MONOGRAPH

Mirrors, Metamorphosis and Time in Reverse
Sagamie Édition, 2020
Artist: Véronique La Perrière M
Text by Claire Caland & Émilie Granjon
Description : 124 pages, colour, hard cover, 8,5 x 10 inches
English / French
ISBN : 978-2-923612-59-1


$48.00
Postal fees included for Canada
To order: send an email

Available in bookstores in Quebec and:
Centre Circa (Montreal, QC) & Centre Sagamie (Alma, QC)
Chiguer Art Contemporain (Québec, QC)
Librairie du Québec à Paris (France)

This book is a meeting between a visual artist and two art critics, longtime friends, who are used to writing with four hands. The book deepens the discovery of La Perrière M.’s work by exploring in an open and poetic way the shared writing and images. Covering more than a decade of Véronique La Perrière M.’s drawing practice and her research through other mediums such as video and photography, Claire Caland and Émilie Granjon wanted to trace an invitation to travel. Here, words dialogue with the artist’s creative trajectory, open up avenues of reflection and create links with the worlds of literature, mythology and art history.

Taking a form that is more rhizomatic than linear, the reader is invited to browse through this book, in order or in disorder, surveying three territories of thought. Intertwining the chronology of production of the works, the triptych “Mirrors”, “Metamorphosis”, and “Worlds” weave webs of associations. Through the journey of words towards the artwork, the reader is invited to enter the delicate and surreal universe of the artist.

“Véronique La Perrière M. creates worlds in order to reflect: on the self among other selves; on the self in the solitude of creation; on the self as a plant or animal; and on the self that becomes a legion of selves, selves reflected in the mirror’s surface.”
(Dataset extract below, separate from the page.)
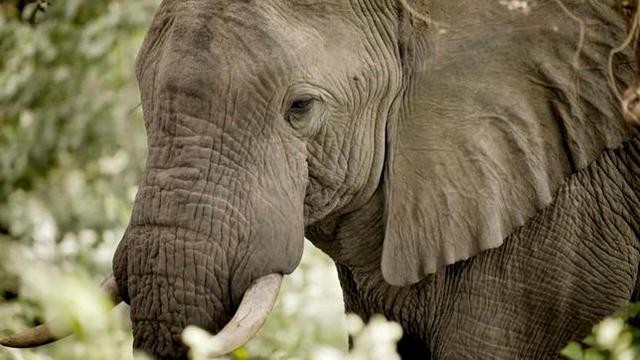 Doku: Tiere als Trophäen – Wer rettet Elefant, Löwe & Co.? (Das Erste  20:15 – 21:00 Uhr)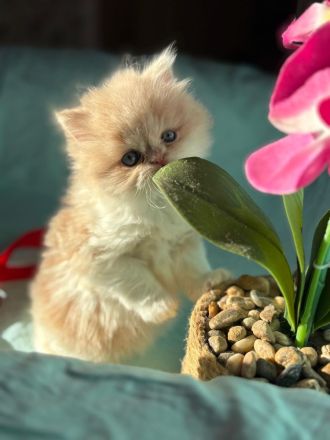 BLH-Persermix Katzenbaby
“La Perrière unfailingly draws us into an interplay of illusions, a theatrical performance, a fairy-tale mise-en-scène for young and old alike. However, many questions remain. What is hidden in the pleats of the princess’s dress? Women forgotten by history. Under the donkey’s skin? Secrets and riddles yet unsolved. In the depths of her mirrors? Anything but the expected.
And yet, there is so much still to observe and reflect upon! Unicorns, living statues, flying carpet-borne trees, and flowery Medusas.”